In the present study, the reason for the high percentage of malignant lesions (nearly 40 %) we observed was probably that patients were recruited from the gynecologic oncology outpatient clinic at Ain Shams University Maternity Hospital, which is a large referral center in Egypt. The strengths of the current study included the inclusion of a high percentage (47.4 %) of patients with early-stage ovarian cancer (stage I/II) which helped us to validate or negate the superiority of mesothelin over CA125 as a significant predictor of early-stage (stages I/II) ovarian malignancy. However, further studies with a large number of patients are still needed.

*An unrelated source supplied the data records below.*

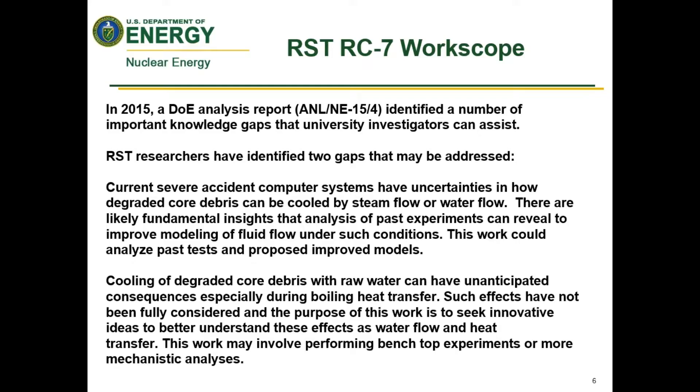There are uncertainties in how degraded core debris can be cooled by steam or water flow, whether considering a core degradation process, core recovery, or water injection. Those differences come down to modeling insights. We're looking for fundamental insights and analysis of past experiments — listed in our program pathway plan — that can reveal ways to improve the modeling of fluid flow under such conditions. This work could analyze past tests, propose improved models, and show how improved models are validated relative to past tests and data.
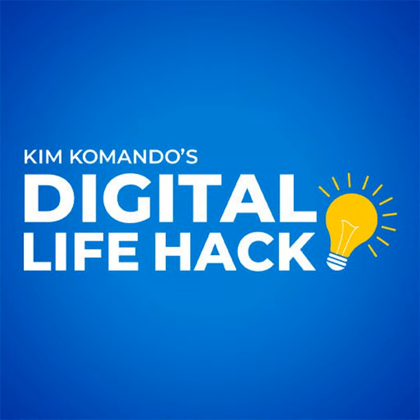Want a new phone, but can't afford to spend over $1,000 on a new iPhone or Galaxy? I'm Kim Commando with ways to get a great phone for less.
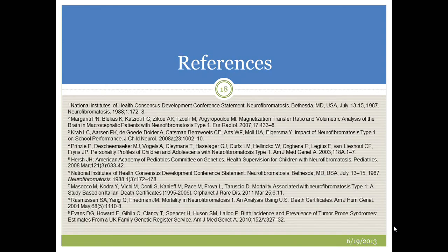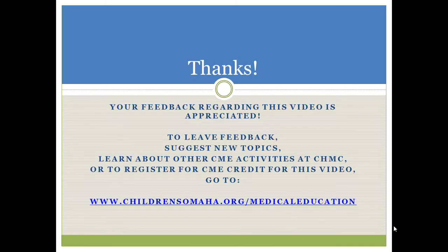Thank you for your attention. I hope you got some benefit from learning about the diagnosis and management of neurofibromatosis type 1.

Our study was limited by the absence of a control group, which may be explained by two facts: first, the absence of screening programs for early detection of ovarian cancer and second, the patient recruitment location, which was a gynecologic oncology outpatient clinic. This made it difficult to encounter healthy controls. Another limitation was that we only assessed serum mesothelin levels. Yet, as Badgwell et al. [14] reported, that urinary mesothelin levelsare more sensitive marker than serum mesothelin levels in differentiating patients with early and late stage ovarian malignancy from healthy controls. Moreover, other investigators demonstrated that, assaying fresh urine for mesothelin may increase the probability of diagnosis of early-stage ovarian disease and would lead to more frequent testing (perhaps at home) [3].

Conclusion

In ovarian cancer, mesothelin seemed to have the same sensitivity, but a higher specificity than CA125. Combination of mesothelin and CA125 had no advantage over mesothelin alone. Mesothelin rather than CA125 was a significant predictor of early-stage ovarian cancer (stage I/II).